CANADA’S SEMI-POSTAL FOR UKRAINE
In March, Vancouver stamp dealer Brian Grant Duff also started an online petition, which received more than 1,600 signatures by May, when Canada Post unveiled a semi-postal stamp to support the people of Ukraine amid Russia’s renewed invasion of that country.
Released in July, the issue includes a 10-stamp booklet plus an official first-day cover (OFDC), both featuring a colourful design originally issued in 2011 (Scott #2444) as part of that year’s four-stamp “Sunflowers” series. Canada Post has taken $1 from each booklet sale and 10 cents from each OFDC sale for distribution through the Canada-Ukraine Foundation, a national charitable foundation based in Toronto. It marks the first time Canada Post has issued a stamp to support a country in need of humanitarian assistance.

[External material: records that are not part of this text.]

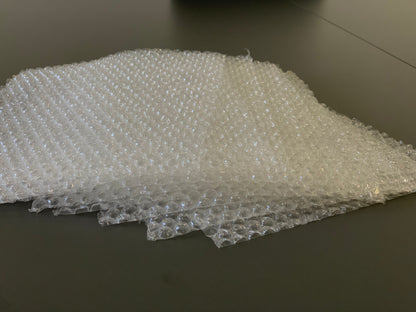 Rolo de plástico bolha de ar para protecção de produtos no transporte e armazenamento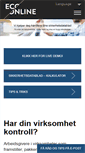 Mobile Screenshot of ecoonline.no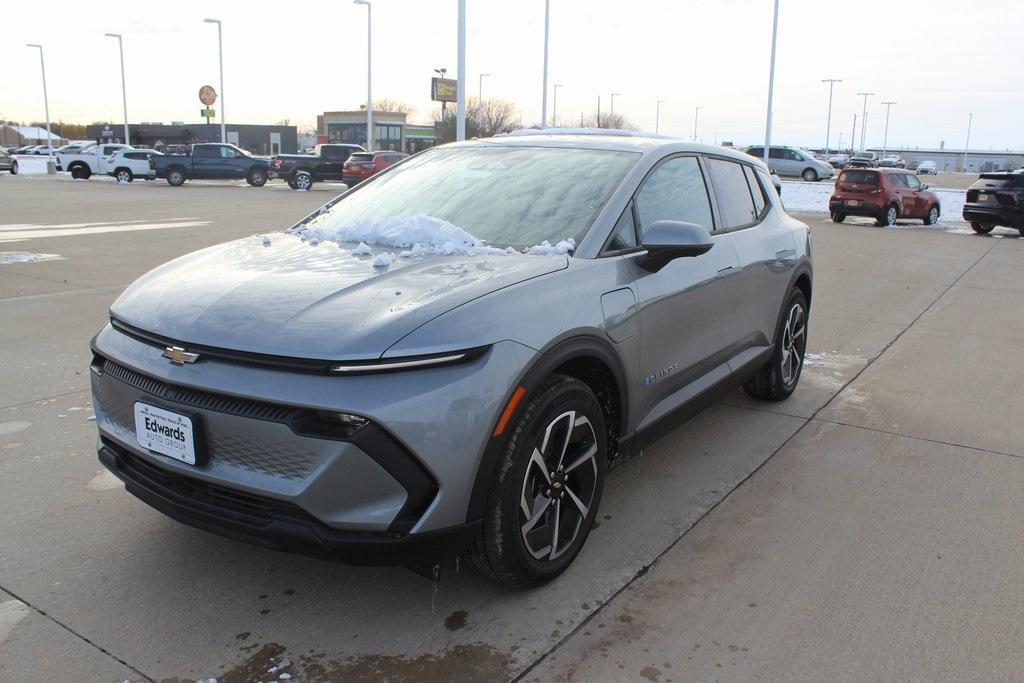 new 2026 Chevrolet Equinox EV car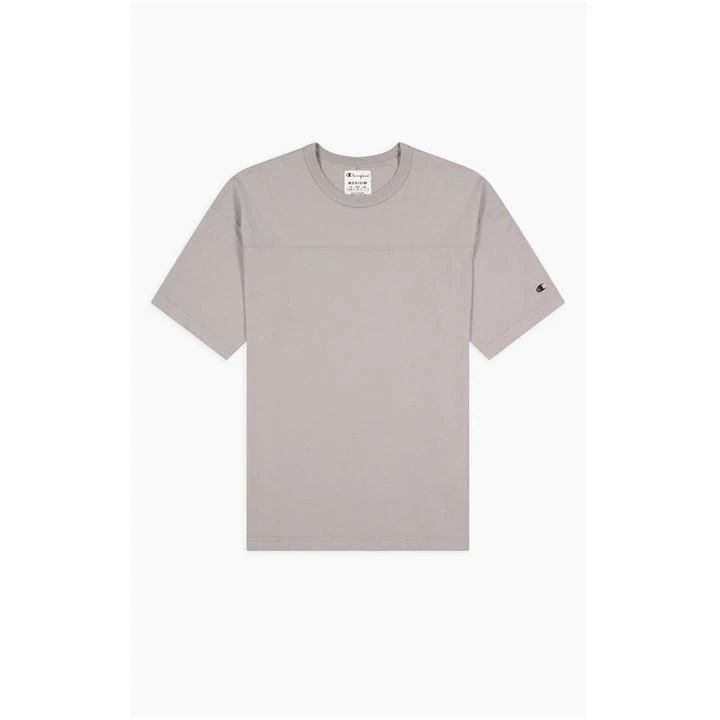 Stitched T Shirt - Grey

Postal officials chose to reissue the sunflower stamp with a new inscription, “Help for Ukraine/Aide à l’Ukraine,” as well as “+10” to denote the 10-cent surcharge for each stamp, to make the stamp “available sooner than would be the case with a new stamp.”
While the semi-postal for Ukraine features a reissued design – originally produced by Montréal’s Isabelle Toussaint Design graphique – there are several differences. In addition to adding the “Help for Ukraine” title and “+10” surcharge, the semi-postal’s “P” value (for Permanent) and country name have also been shifted from the top-right corner to the bottom.
The Ottawa-based security printer Lowe-Martin printed a new booklet and OFDC designed by artist Hélène L’Heureux, of Montreal. The OFDC is serviced with an Ottawa pictorial cancel featuring a stylized sunflower.